§ **What to do**
Copy every line of the material below exactly.
- Opening Delimiter -
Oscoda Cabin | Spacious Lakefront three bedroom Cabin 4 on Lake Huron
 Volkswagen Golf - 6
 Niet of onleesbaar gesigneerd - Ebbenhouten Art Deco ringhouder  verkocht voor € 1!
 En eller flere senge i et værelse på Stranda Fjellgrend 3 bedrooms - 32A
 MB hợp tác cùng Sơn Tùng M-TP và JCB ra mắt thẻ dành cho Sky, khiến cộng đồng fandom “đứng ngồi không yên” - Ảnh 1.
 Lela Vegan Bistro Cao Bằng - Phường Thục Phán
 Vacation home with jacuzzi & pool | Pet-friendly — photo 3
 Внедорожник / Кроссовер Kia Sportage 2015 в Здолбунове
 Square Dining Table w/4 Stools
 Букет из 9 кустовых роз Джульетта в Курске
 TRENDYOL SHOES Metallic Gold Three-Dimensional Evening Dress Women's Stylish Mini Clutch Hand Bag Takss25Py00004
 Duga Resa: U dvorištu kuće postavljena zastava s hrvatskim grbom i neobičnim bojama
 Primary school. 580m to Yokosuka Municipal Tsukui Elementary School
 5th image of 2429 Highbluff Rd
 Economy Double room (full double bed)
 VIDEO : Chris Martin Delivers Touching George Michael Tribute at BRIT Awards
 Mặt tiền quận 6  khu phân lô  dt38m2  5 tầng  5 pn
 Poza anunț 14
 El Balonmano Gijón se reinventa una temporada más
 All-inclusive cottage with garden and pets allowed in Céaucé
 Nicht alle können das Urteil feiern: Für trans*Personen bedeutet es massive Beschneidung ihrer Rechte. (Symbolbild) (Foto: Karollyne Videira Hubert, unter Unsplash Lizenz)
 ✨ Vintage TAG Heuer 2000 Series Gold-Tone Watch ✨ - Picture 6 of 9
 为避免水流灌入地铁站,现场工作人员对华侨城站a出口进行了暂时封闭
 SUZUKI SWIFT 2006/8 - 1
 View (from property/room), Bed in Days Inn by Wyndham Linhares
- Closing Delimiter -
§ **Result of this task**
Oscoda Cabin | Spacious Lakefront three bedroom Cabin 4 on Lake Huron
 Volkswagen Golf - 6
 Niet of onleesbaar gesigneerd - Ebbenhouten Art Deco ringhouder  verkocht voor € 1!
 En eller flere senge i et værelse på Stranda Fjellgrend 3 bedrooms - 32A
 MB hợp tác cùng Sơn Tùng M-TP và JCB ra mắt thẻ dành cho Sky, khiến cộng đồng fandom “đứng ngồi không yên” - Ảnh 1.
 Lela Vegan Bistro Cao Bằng - Phường Thục Phán
 Vacation home with jacuzzi & pool | Pet-friendly — photo 3
 Внедорожник / Кроссовер Kia Sportage 2015 в Здолбунове
 Square Dining Table w/4 Stools
 Букет из 9 кустовых роз Джульетта в Курске
 TRENDYOL SHOES Metallic Gold Three-Dimensional Evening Dress Women's Stylish Mini Clutch Hand Bag Takss25Py00004
 Duga Resa: U dvorištu kuće postavljena zastava s hrvatskim grbom i neobičnim bojama
 Primary school. 580m to Yokosuka Municipal Tsukui Elementary School
 5th image of 2429 Highbluff Rd
 Economy Double room (full double bed)
 VIDEO : Chris Martin Delivers Touching George Michael Tribute at BRIT Awards
 Mặt tiền quận 6  khu phân lô  dt38m2  5 tầng  5 pn
 Poza anunț 14
 El Balonmano Gijón se reinventa una temporada más
 All-inclusive cottage with garden and pets allowed in Céaucé
 Nicht alle können das Urteil feiern: Für trans*Personen bedeutet es massive Beschneidung ihrer Rechte. (Symbolbild) (Foto: Karollyne Videira Hubert, unter Unsplash Lizenz)
 ✨ Vintage TAG Heuer 2000 Series Gold-Tone Watch ✨ - Picture 6 of 9
 为避免水流灌入地铁站,现场工作人员对华侨城站a出口进行了暂时封闭
 SUZUKI SWIFT 2006/8 - 1
 View (from property/room), Bed in Days Inn by Wyndham Linhares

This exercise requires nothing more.